> **Your goal**: Print the listing in its entirety and exactly, leaving out images.

> **Data provided**:
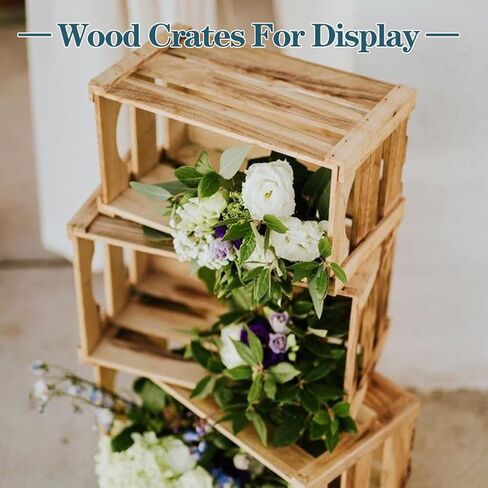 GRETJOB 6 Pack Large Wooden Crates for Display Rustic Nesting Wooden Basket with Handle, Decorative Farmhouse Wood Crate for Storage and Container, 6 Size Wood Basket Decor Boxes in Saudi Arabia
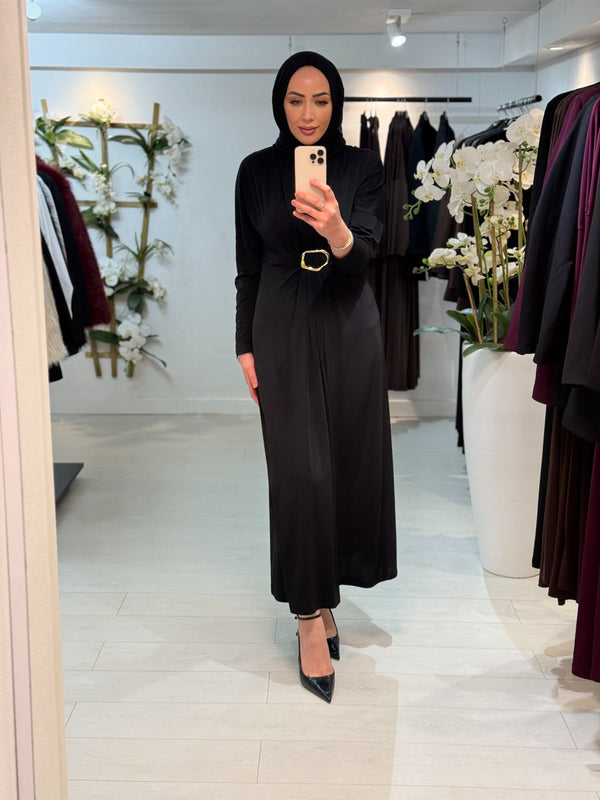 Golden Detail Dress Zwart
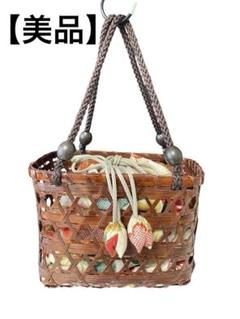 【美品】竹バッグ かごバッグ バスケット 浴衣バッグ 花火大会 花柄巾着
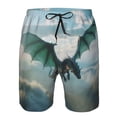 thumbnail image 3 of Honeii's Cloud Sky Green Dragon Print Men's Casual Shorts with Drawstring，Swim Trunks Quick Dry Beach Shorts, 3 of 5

> **Problem solution**:
 GRETJOB 6 Pack Large Wooden Crates for Display Rustic Nesting Wooden Basket with Handle, Decorative Farmhouse Wood Crate for Storage and Container, 6 Size Wood Basket Decor Boxes in Saudi Arabia
 Golden Detail Dress Zwart
 【美品】竹バッグ かごバッグ バスケット 浴衣バッグ 花火大会 花柄巾着
 thumbnail image 3 of Honeii's Cloud Sky Green Dragon Print Men's Casual Shorts with Drawstring，Swim Trunks Quick Dry Beach Shorts, 3 of 5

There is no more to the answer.